■ WHAT THIS TASK INVOLVES: Leave the pictures aside. Retype exactly the lines from the top of the data below through the one holding "Olivia Bennet |".

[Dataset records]
[Start of Attachment]
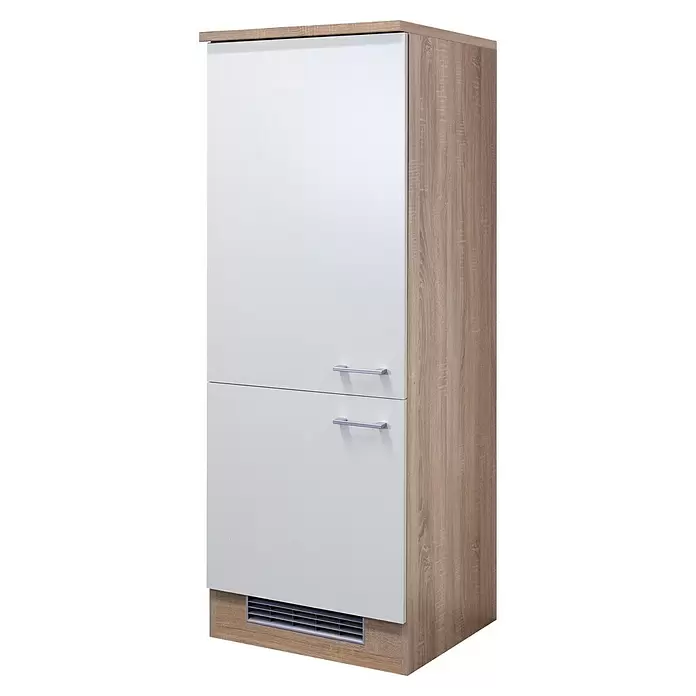 Flex-Well Samoa Geräteumbauschrank Samoa - B x T x H: 60 x 60 x 161 cm, Weiß - Hoher weißer und heller Holz-Einbauschrank mit zwei Türen, silbernen Griffen und Lüftungsgitter.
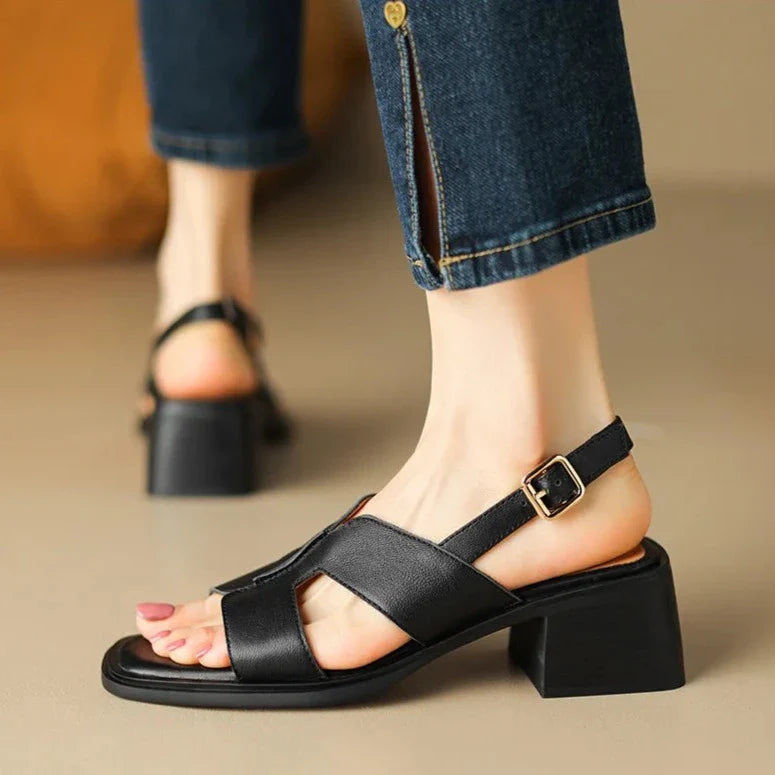 Olivia Bennet | Leather Heeled Sandals for Women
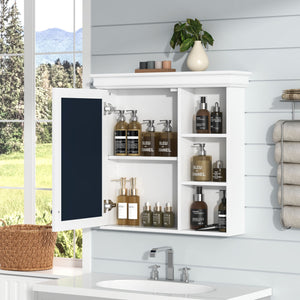 Bathroom Medicine Cabinet With Mirror, Wall Mounted Mirror Cabinet & Storage Organizer, Over The Toilet Storage White Storage Cabinet For Bathroom - White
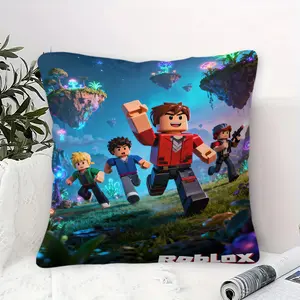 Roblox Pixel Sci-Fi Team Cyber Neon City Ruins Filled Cushion, Home Decorative Cushion, 45cm Square Zipper Closure, Comfortable Soft Sofa Bed Car Travel Pillows or Headrest Cushion, Kids Room, Game Theme Soft Furnishings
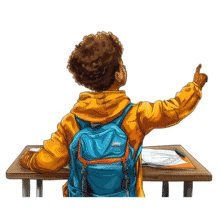 Boy Student Asking Question Clipart PowerPoint Animation layout preview.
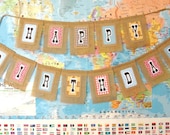 Cowboy Theme HAPPY BIRTHDAY Banner in Burlap for Boy or Gender Neutral Birthday Party Garland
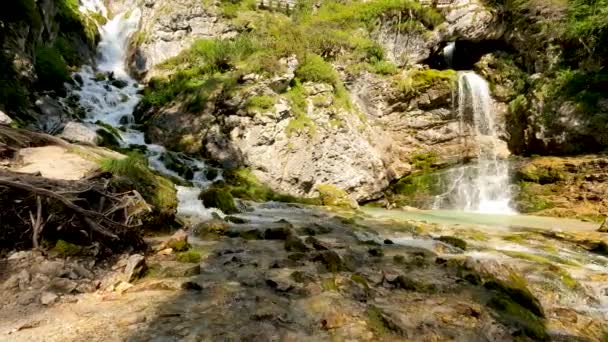 Nordic Landscape Valesinella Falls — Stockvideo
[End of Attachment]
■ RESPONSE:
 Flex-Well Samoa Geräteumbauschrank Samoa - B x T x H: 60 x 60 x 161 cm, Weiß - Hoher weißer und heller Holz-Einbauschrank mit zwei Türen, silbernen Griffen und Lüftungsgitter.
 Olivia Bennet | Leather Heeled Sandals for Women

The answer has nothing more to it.